All News 10:56 May 15, 2020

(ATTN: ADDS Asiana's plan and background in paras 5-11)

SEOUL, May 15 (Yonhap) -- Korean Air Lines Co., South Korea's biggest airline, said Friday it will require all passengers on domestic routes to wear masks on board beginning next week.

Korean Air has joined its global peers, like United Airlines Inc. and American Airlines Inc., to adopt the rules requiring masks to stem the spread of the new coronavirus.

"It is obligatory for all passengers on domestic flights to wear masks beginning Monday. The company is considering applying the rules to international flights as well," a company spokeswoman said over the phone.

This photo, taken May 13, 2020, shows Korean Air planes at Incheon International Airport, west of Seoul. (Yonhap)

Early this month, the International Air Transport Association, which represents global airlines, recommended the mandatory wearing of masks or face coverings on flights to prevent the spread of COVID-19.

Korean Air plans to resume flights on 19 international routes next month as it strives to offset a sharp decline in passenger travel demand with an increased demand for cargo deliveries.

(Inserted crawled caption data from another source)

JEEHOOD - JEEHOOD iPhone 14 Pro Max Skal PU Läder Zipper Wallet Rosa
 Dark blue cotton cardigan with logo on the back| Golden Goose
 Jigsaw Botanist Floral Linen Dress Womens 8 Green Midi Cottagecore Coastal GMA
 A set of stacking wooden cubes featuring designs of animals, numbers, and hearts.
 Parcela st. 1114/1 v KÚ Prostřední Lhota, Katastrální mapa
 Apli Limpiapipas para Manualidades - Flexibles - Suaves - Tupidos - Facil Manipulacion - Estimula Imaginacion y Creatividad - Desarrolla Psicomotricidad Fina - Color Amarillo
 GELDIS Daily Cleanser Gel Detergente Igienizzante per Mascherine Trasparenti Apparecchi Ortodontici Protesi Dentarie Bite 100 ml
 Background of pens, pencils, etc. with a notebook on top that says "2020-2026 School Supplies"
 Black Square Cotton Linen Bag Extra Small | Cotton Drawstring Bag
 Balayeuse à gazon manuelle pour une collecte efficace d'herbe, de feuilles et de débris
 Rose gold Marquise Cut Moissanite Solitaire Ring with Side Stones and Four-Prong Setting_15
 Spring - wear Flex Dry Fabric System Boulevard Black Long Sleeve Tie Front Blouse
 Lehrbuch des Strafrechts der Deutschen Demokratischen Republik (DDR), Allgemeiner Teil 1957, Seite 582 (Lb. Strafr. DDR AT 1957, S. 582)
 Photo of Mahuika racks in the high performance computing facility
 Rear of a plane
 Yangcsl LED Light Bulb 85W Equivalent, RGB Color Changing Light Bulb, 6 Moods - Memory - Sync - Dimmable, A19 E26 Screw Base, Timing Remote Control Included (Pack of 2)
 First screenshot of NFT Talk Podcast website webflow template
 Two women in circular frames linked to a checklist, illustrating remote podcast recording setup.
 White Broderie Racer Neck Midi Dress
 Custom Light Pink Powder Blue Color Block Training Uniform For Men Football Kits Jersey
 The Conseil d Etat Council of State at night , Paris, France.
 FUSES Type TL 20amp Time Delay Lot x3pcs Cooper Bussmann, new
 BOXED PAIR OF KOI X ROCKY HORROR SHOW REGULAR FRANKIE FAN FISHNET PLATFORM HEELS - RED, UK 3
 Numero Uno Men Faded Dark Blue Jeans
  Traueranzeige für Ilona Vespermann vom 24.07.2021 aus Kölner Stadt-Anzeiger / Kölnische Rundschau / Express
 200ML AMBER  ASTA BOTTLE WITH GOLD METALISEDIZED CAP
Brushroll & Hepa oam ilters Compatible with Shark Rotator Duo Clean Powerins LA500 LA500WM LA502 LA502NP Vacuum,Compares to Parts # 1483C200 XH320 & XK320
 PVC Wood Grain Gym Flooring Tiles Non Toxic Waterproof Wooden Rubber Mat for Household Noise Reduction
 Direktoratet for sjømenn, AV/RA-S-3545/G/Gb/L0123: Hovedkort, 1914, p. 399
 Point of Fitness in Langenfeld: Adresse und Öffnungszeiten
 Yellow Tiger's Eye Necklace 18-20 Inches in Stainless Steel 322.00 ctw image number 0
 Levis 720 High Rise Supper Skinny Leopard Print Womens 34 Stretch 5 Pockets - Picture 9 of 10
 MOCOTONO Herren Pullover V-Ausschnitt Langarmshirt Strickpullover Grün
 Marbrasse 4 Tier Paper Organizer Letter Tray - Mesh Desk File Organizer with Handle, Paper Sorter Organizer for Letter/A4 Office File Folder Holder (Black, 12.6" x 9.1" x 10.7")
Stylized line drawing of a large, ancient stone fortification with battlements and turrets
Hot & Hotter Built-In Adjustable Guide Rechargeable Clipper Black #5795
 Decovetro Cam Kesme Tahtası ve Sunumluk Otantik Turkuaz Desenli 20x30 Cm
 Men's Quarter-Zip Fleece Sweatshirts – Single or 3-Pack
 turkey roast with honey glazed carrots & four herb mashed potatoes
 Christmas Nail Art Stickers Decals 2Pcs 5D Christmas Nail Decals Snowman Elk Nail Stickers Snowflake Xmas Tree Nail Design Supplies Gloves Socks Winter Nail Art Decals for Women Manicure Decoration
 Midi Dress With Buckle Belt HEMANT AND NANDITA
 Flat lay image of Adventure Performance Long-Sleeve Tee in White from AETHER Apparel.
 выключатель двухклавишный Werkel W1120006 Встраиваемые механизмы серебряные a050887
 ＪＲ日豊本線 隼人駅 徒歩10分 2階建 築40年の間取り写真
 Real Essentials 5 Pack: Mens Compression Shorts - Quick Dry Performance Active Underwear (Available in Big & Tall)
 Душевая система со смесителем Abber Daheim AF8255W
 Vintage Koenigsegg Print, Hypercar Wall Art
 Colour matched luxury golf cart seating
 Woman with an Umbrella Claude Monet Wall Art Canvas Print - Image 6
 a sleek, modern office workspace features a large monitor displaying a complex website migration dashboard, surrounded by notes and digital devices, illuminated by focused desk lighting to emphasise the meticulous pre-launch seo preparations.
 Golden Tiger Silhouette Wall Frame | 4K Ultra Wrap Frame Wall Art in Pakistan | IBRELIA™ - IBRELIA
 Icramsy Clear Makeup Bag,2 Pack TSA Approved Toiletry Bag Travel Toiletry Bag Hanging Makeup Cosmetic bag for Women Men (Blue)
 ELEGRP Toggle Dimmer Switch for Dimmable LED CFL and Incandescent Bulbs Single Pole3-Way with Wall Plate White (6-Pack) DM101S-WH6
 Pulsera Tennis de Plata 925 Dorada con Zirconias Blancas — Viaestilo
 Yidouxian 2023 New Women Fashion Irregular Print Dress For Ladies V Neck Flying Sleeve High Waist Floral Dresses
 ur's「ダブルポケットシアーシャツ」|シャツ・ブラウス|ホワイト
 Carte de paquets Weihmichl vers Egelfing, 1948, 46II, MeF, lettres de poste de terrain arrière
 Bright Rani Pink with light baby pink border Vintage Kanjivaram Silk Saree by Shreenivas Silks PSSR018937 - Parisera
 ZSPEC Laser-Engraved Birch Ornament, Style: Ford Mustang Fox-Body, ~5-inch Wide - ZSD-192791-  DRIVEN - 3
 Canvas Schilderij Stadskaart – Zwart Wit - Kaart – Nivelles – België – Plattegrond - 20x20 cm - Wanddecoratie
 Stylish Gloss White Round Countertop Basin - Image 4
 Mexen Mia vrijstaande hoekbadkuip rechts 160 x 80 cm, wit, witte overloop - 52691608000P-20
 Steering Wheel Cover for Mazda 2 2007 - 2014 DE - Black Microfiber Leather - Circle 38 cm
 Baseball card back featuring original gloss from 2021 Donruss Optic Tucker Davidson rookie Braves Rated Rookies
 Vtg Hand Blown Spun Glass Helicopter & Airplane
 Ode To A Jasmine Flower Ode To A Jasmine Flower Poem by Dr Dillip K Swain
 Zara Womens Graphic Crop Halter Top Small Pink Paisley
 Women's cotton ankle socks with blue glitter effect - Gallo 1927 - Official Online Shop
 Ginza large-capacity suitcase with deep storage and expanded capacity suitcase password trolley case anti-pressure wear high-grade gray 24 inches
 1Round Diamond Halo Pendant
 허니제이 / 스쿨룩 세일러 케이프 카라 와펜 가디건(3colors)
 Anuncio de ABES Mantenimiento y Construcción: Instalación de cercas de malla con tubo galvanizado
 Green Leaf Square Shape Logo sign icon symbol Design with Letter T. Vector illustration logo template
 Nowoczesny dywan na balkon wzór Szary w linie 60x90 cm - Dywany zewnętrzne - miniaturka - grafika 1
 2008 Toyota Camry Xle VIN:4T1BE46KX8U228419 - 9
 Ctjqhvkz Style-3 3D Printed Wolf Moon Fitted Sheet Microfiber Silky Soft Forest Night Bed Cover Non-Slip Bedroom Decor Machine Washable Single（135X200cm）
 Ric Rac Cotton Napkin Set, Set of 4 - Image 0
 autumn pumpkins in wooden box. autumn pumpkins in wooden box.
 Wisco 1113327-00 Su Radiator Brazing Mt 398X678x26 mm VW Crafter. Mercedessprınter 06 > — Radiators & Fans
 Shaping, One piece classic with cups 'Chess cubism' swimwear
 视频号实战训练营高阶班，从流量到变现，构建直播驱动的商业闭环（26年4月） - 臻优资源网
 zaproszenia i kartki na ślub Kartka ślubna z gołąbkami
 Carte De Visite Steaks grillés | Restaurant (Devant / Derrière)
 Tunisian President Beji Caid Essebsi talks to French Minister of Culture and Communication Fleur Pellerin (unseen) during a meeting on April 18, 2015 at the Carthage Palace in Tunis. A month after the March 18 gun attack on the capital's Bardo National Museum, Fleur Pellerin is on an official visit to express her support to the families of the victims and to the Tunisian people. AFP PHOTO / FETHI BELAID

The resumption is aimed at preparing for increased travel demand after countries ease their entry restrictions on incoming passengers to stem the spread of the COVID-19 pandemic, the company said.

Its reopening routes include Washington, D.C., Seattle, Vancouver, Toronto, Frankfurt, Singapore, Beijing and Kuala Lumpur.

Asiana Airlines Inc., the country's second-biggest carrier, said Friday it does not currently apply the face mask rules to its passengers.

Asiana plans to restart flight services on 13 international routes -- one to Seattle and 12 to Chinese cities, including Beijing and Shanghai -- June 1, while increasing the number of flights on six other routes to cities that include Frankfurt, Hanoi and Ho Chi Minh City.

The decision is aimed at meeting business travel demand though leisure travel demand has yet to recover amid the virus fears, the company said.

The country's two full-service carriers have suspended more than 90 percent of flights on international routes since late March following country lockdowns and entry restrictions.